A lover says, I can help you get rid of that, pointing at the tiny bib of flesh that hangs over our waistband. A lover says, Aren’t there any parts of your body that embarrass you? A lover says, You’re just mad because you’re fat now. A male friend says, It starts in the arms. Their upper arms get fat. That’s when women start looking like their moms. A male friend says, She has let herself become unfuckable.


And we do it, too. If we can’t stand a woman who isn’t skinny, we say she’s fat, and it feels good to say it, nihilistically so, like throwing a water balloon out a high-rise window and watching it smash: That fat fucking bitch. We say it only to certain people, people who will forgive us. Or we say it only to ourselves.

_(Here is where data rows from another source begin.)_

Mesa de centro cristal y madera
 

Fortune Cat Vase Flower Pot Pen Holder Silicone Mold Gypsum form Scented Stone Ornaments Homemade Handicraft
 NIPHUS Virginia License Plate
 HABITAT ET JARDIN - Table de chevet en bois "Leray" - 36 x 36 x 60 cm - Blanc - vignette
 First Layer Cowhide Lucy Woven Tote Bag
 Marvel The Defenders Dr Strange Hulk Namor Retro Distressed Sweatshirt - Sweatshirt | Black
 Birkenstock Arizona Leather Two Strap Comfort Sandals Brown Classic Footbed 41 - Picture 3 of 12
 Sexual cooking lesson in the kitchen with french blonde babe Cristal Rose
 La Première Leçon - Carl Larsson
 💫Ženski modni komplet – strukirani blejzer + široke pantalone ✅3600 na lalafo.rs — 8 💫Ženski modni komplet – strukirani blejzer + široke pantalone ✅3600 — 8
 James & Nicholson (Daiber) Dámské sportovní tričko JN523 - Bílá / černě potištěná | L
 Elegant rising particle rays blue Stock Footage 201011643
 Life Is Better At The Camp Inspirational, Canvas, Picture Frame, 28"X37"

But most of the time we don’t notice how fat or thin anyone is, just like no one notices how fat or thin we are, just like no one ever has, not really, not unless they had a compelling reason to care. Our lives revolve around other things. We have kids. We have houses. We get richer. We get poorer. We find jobs and lose them. We fail and spiral into apathy. We win and continue winning. We fail and don’t call it failing. We win and then, to make up for it, we sleep for six years. We become Christians. We become atheists. We become agnostics. We become Buddhists. We become people who walk into churches and have panic attacks and walk right out again. We become people who walk into churches and cry and stay because it feels right to be in a strange church in a strange place, crying.


When we remember it — this tendency, this problem — it’s with the rueful nostalgia of a gambler who’s not allowed to gamble anymore, because it’s irresponsible. But the cards still hold a well-thumbed vestige of grace: That is something very bad that I used to be good at. We don’t want to talk about it. We wish we didn’t know about it. Because when we think about it, it’s not the skinniness we remember — that ephemeral way station, that sharp-edged mirage — but the things we refused, good and bad, now just ghosts of themselves. They are back. They are claiming that hole, that void, as their home. They are trying to fill it. Not just the plate of canned peas, served to us night after night until we gave in; not just the orange that went in the garbage unpeeled, round and innocent as an undiscovered planet; but also the bulge in his pants, the hands around the throat, the bread, the wine, the assessments, the conclusions, the overtures, the prizes, the calls, the love. The bodies we once knew. The things that were cooked for us. The things that were meant for us. The destinies we spurned. The spoils we let sour. The things we were supposed to swallow. The things that were supposed to stay down and never come up. They’re all saying to us, We’re getting cold. They’re all saying to us, There are people in the world who are starving.